Your answer must be only the lines below from the one containing "Service Works, Cross Stitch Shirt, Dark Navy" through the one containing "Παράδοση Αρχικό κουτί", copied exactly, with the pictures left out.

▶ SUPPLIED DATA:

+--

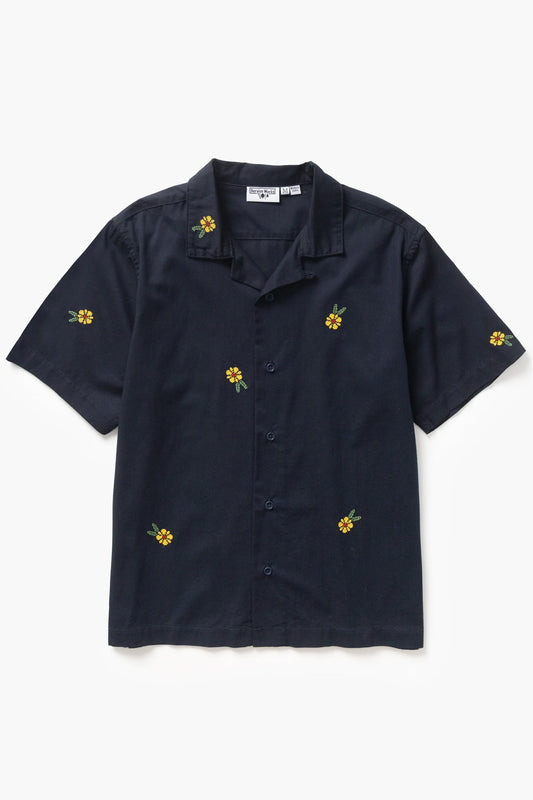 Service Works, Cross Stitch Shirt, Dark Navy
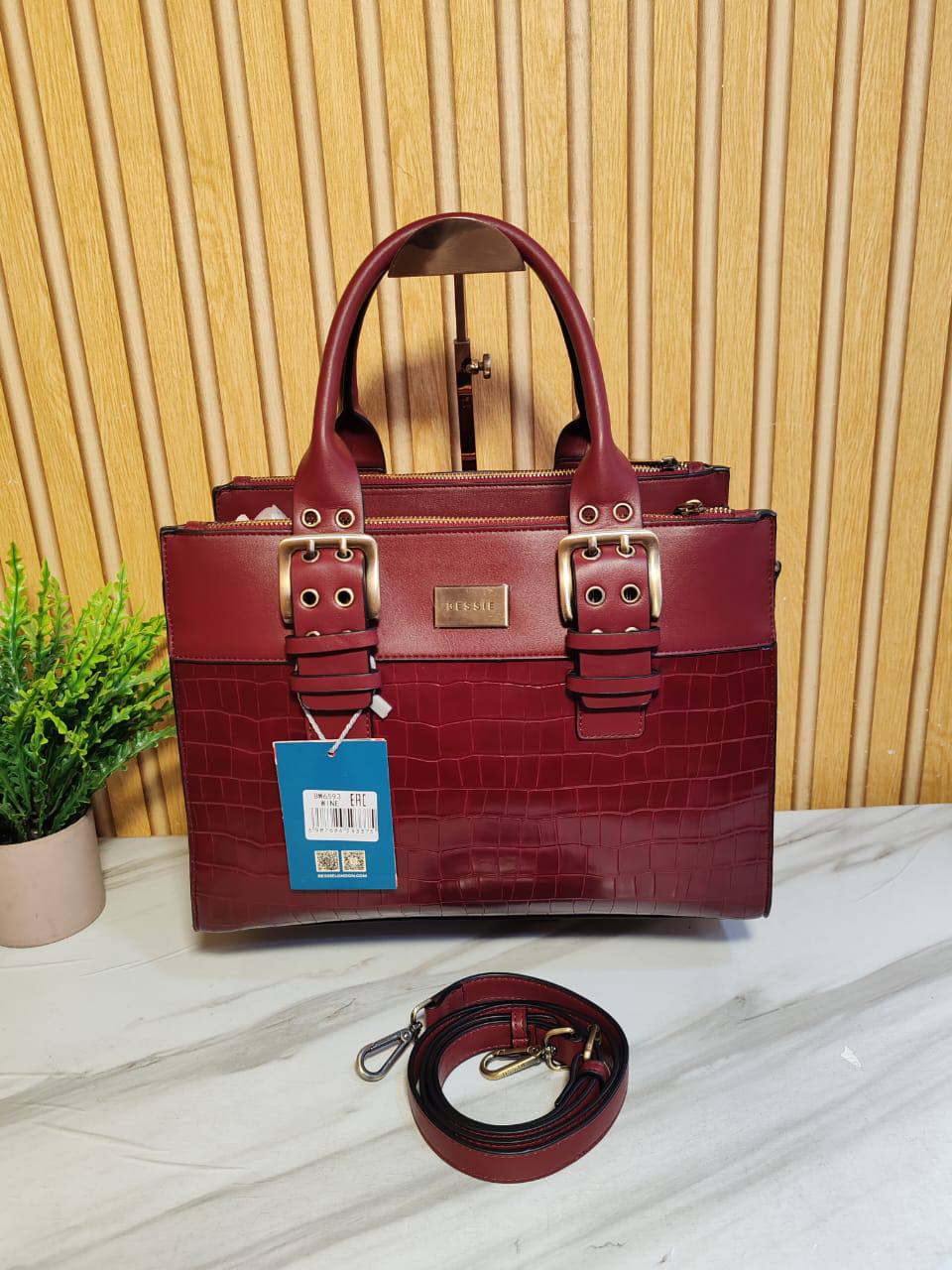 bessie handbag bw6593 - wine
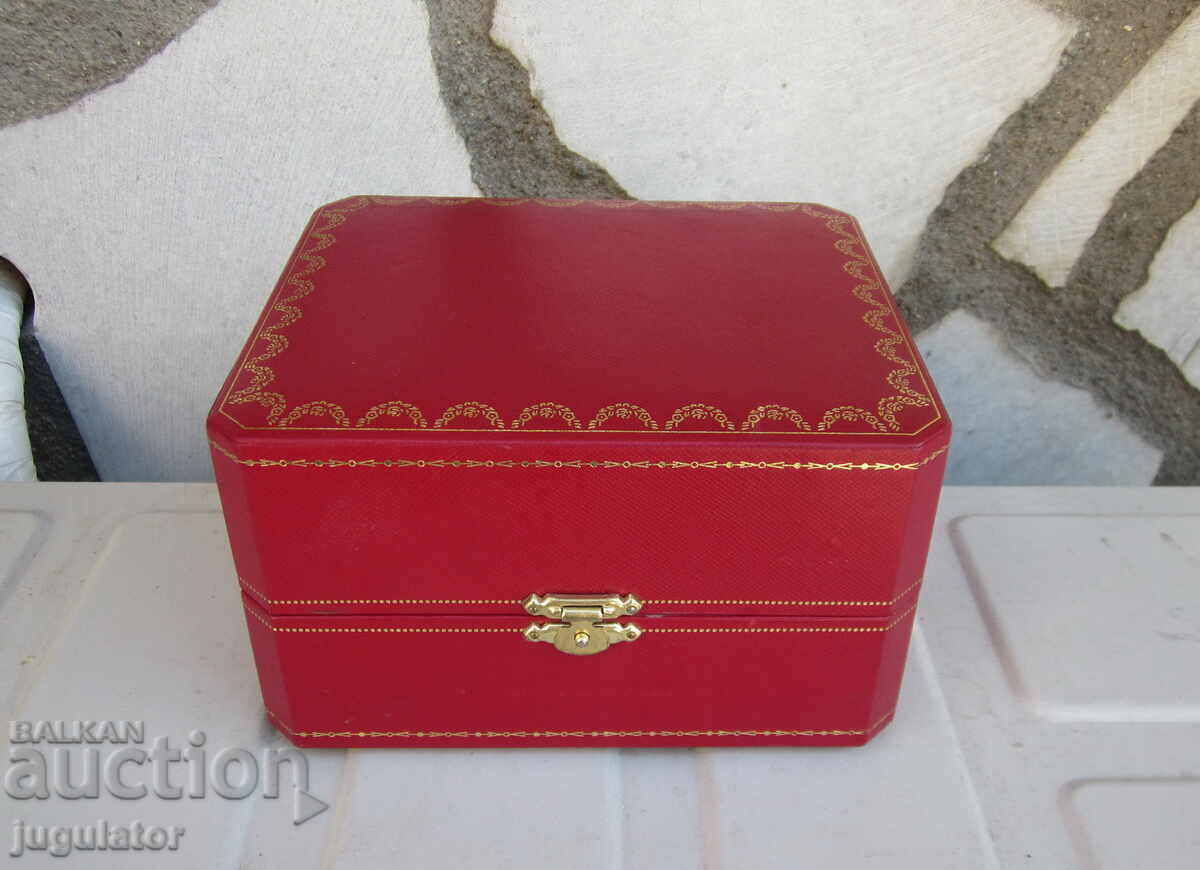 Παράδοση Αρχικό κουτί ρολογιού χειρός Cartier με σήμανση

+--

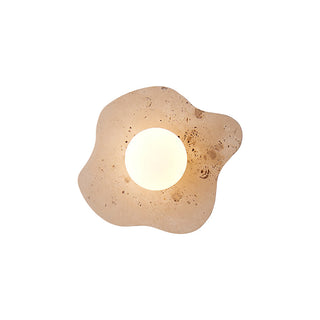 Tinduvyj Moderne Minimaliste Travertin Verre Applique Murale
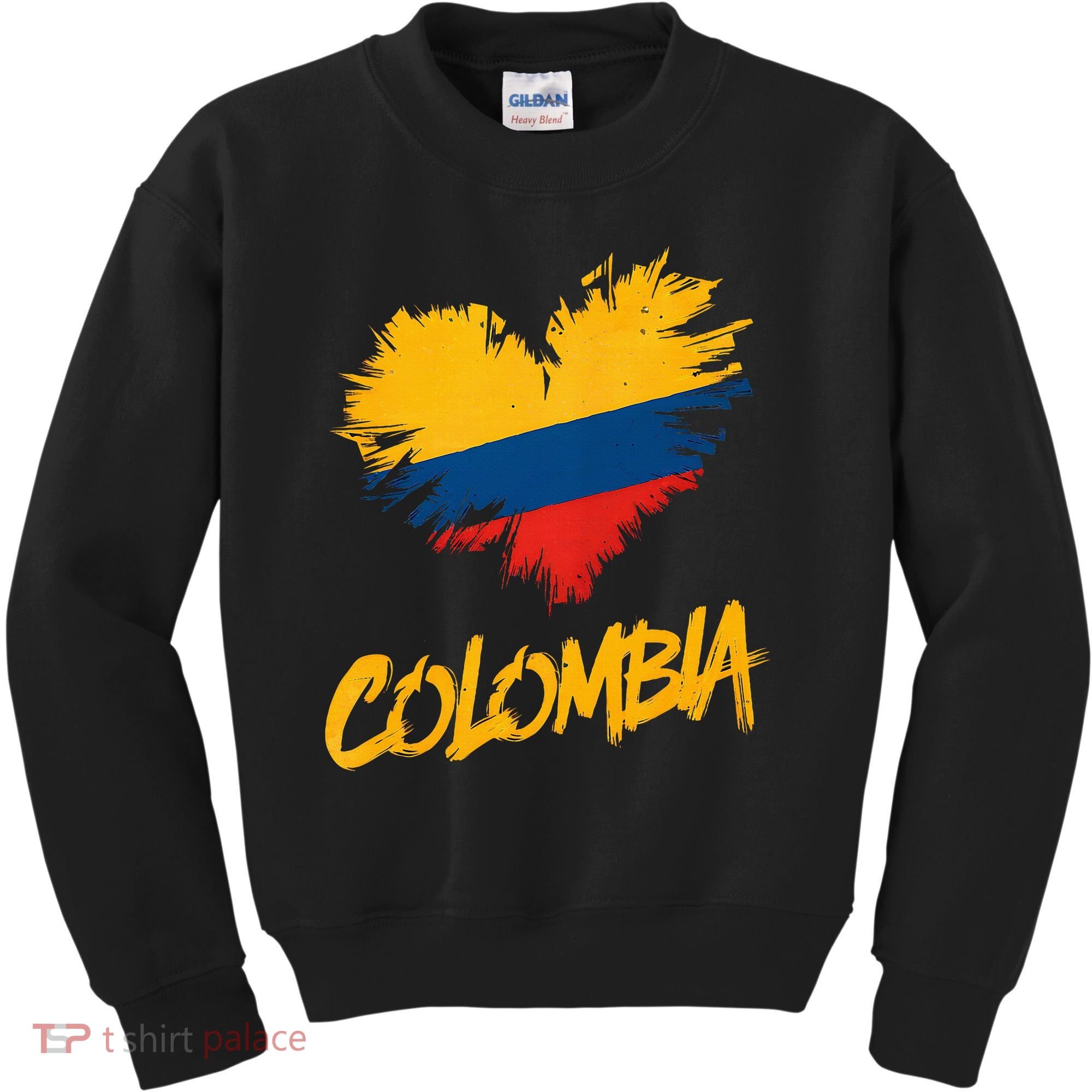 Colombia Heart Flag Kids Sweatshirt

+--

▶ TASK ANSWER:
 Service Works, Cross Stitch Shirt, Dark Navy
 bessie handbag bw6593 - wine
 Παράδοση Αρχικό κουτί ρολογιού χειρός Cartier με σήμανση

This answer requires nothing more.